If anyone comes across this. You can add additional matrices to BLAST by adding them to blast_stat.c (src\algo\blast\core)
To add a new matrix to blast_stat.c it is necessary to complete four steps. As an example consider adding the matrix called TESTMATRIX
1.) add a define specifying how many different existence and extensions penalties are allowed, so it would be necessary to add the line:
#define TESTMATRIX_VALUES_MAX 14
if 14 values were to be allowed.
2.) add a two-dimensional array to contain the statistical parameters:
static array_of_8 testmatrix_values[TESTMATRIX_VALUES_MAX] ={ ...

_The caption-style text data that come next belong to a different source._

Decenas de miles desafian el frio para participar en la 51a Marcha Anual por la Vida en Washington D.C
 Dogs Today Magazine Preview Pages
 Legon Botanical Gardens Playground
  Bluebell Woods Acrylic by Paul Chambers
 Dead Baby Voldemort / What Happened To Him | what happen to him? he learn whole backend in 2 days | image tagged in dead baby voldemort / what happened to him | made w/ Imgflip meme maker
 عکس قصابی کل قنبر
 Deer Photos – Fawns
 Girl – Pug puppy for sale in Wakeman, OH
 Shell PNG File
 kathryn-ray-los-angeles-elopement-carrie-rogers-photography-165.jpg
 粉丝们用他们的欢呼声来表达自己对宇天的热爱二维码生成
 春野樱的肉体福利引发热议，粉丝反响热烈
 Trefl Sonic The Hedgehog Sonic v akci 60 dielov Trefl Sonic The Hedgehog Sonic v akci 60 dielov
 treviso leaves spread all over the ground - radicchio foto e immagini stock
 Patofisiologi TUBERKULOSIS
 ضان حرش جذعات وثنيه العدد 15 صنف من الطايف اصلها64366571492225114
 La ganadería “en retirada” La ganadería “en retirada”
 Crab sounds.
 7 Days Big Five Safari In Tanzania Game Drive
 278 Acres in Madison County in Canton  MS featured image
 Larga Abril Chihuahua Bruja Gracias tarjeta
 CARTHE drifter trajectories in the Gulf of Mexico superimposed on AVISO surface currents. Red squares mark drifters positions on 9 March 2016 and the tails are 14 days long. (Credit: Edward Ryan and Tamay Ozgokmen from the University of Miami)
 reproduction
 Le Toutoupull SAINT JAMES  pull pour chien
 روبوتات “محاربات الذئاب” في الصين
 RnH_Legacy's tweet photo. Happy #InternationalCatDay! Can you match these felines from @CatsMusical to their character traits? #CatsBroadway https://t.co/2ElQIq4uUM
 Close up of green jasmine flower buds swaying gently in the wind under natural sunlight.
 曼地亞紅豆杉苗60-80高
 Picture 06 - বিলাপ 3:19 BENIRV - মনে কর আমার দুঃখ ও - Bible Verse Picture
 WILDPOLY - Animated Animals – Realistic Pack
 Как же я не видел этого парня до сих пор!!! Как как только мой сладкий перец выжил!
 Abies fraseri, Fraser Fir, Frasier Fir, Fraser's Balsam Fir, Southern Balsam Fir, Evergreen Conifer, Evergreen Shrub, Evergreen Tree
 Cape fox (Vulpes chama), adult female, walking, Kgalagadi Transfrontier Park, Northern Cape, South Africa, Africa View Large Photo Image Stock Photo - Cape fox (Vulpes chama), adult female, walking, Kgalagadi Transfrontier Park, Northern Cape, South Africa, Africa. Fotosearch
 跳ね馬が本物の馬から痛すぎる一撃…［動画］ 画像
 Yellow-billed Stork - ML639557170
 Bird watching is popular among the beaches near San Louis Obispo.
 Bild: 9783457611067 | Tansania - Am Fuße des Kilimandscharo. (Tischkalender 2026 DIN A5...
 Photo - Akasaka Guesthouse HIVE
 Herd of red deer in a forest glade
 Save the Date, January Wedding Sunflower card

3.) add a "prefs" array that should hint about the "optimal" gap existence and extension penalties:
static Int4 testmatrix_prefs[TESTMATRIX_VALUES_MAX] = {
BLAST_MATRIX_NOMINAL, ...
};
4.) Go to the function BlastLoadMatrixValues (in this file) and add two lines before the return at the end of the function:
matrix_info = MatrixInfoNew("TESTMATRIX", testmatrix_values, testmatrix_prefs, TESTMATRIX_VALUES_MAX);
ListNodeAddPointer(&retval, 0, matrix_info);
Any idea what 14 in this case means? is it total unique values within the matrix? or the max substitution value of pair of amino acid in that matrix? the comment next to the predefined matrices says for example BLOSUM45
#define BLOSUM45_VALUES_MAX 14 /**< Number of different combinations supported for BLOSUM45. */
Use of this site constitutes acceptance of our User Agreement and Privacy Policy.
I really don't think it is wise to hard code the matrices within BLAST. Maybe there should be an option to use another matrix.
Due to the use of precalculated values for some of the statistics NCBI BLAST (and NCBI BLAST+) only supports some combinations of matrix and gap penalties (see http://web.archive.org/web/20070121032949/http://www.ncbi.nlm.nih.gov/blast/blast_whatsnew.shtml#20051206.2). If you want to use arbitary values for these then look at other BLAST implementations (WU-BLAST/AB-BLAST supports more matrices) or other sequence similarity search tools. For example the FASTA suite programs derive the statistics and so don't have these constraints (although this does mean it is possible to perform meaningless searches).